I confirm that OpenCL_FFT builds fine, but consistently fails all of its tests on Mac OS X 10.11.6 with Xcode-8.0 on MacBook Pro and MacBook Air:
Performance Number GFlops achieved for n = (64, 1, 1), batchsize = 8192 (in GFlops/s, higher is better): 39.0753
Test failed (n=(64, 1, 1), batchsize=8192): out-of-place
Test: rel. L2-error = 228.423112 eps (max=301.685696 eps, min=158.383949 eps)
Performance Number GFlops achieved for n = (1024, 1, 1), batchsize = 8192 (in GFlops/s, higher is better): 37.4591
Test failed (n=(1024, 1, 1), batchsize=8192): out-of-place
Test: rel. L2-error = 387.798345 eps (max=412.124569 eps, min=361.660646 eps)
Performance Number GFlops achieved for n = (1048576, 1, 1), batchsize = 4 (in GFlops/s, higher is better): 26.5989
Test failed (n=(1048576, 1, 1), batchsize=4): out-of-place
Test: rel. L2-error = 888.844705 eps (max=889.142585 eps, min=888.568028 eps)
Performance Number GFlops achieved for n = (1024, 512, 1), batchsize = 8 (in GFlops/s, higher is better): 31.8915
Test failed (n=(1024, 512, 1), batchsize=8): out-of-place
Test: rel. L2-error = 691.362257 eps (max=692.112863 eps, min=690.540764 eps)

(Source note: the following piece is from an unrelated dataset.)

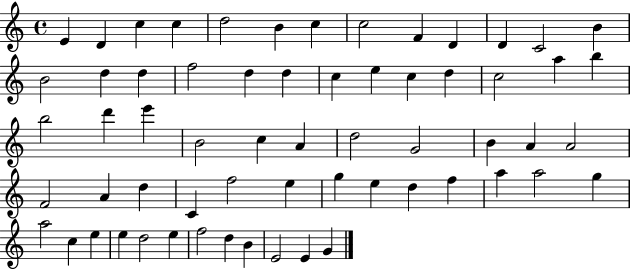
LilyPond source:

Performance Number GFlops achieved for n = (128, 128, 128), batchsize = 1 (in GFlops/s, higher is better): 32.1126
Test failed (n=(128, 128, 128), batchsize=1): out-of-place
Test: rel. L2-error = 592.976522 eps (max=592.976522 eps, min=592.976522 eps)
Performance Number GFlops achieved for n = (16384, 1, 1), batchsize = 4 (in GFlops/s, higher is better): 3.95649
Test failed (n=(16384, 1, 1), batchsize=4): in-place
Test: rel. L2-error = 567.284147 eps (max=569.101265 eps, min=565.834936 eps)
Performance Number GFlops achieved for n = (32, 2048, 1), batchsize = 8 (in GFlops/s, higher is better): 8.28694
Test failed (n=(32, 2048, 1), batchsize=8): in-place
Test: rel. L2-error = 549.607006 eps (max=551.284672 eps, min=548.424223 eps)
Performance Number GFlops achieved for n = (4096, 64, 1), batchsize = 4 (in GFlops/s, higher is better): 7.81609
Test failed (n=(4096, 64, 1), batchsize=4): in-place
Test: rel. L2-error = 682.976938 eps (max=683.220153 eps, min=682.730587 eps)
Performance Number GFlops achieved for n = (64, 32, 16), batchsize = 1 (in GFlops/s, higher is better): 2.45741
Test failed (n=(64, 32, 16), batchsize=1): out-of-place
Test: rel. L2-error = 380.520545 eps (max=380.520545 eps, min=380.520545 eps) Program ended with exit code: 0
I tried to play with buffer limits, to no avail.
This might help figuring out what is wrong:
Number of OpenCL platforms: 1
-------------------------
Platform: Apple Vendor: Apple Version:
OpenCL 1.2 (Jun 30 2016 20:18:53)
Number of devices: 3
-------------------------
Name: Intel(R) Core(TM) i7-3820QM CPU @ 2.70GHz
Version: OpenCL C 1.2
Max. Compute Units: 8
Local Memory Size: 32 KB
Global Memory Size: 16384 MB
Max Alloc Size: 4096 MB
Max Work-group Total Size: 1024
Max Work-group Dims: ( 1024 1 1 )
-------------------------
-------------------------
Name: HD Graphics 4000
Version: OpenCL C 1.2
Max. Compute Units: 16
Local Memory Size: 64 KB
Global Memory Size: 1536 MB
Max Alloc Size: 384 MB
Max Work-group Total Size: 512
Max Work-group Dims: ( 512 512 512 )
-------------------------
-------------------------
Name: GeForce GT 650M
Version: OpenCL C 1.2
Max. Compute Units: 2
Local Memory Size: 48 KB
Global Memory Size: 1024 MB
Max Alloc Size: 256 MB
Max Work-group Total Size: 1024
Max Work-group Dims: ( 1024 1024 64 )
-------------------------
-------------------------
-------------------------
It would be nice if Apple stepped up to this and fixed their own demo code.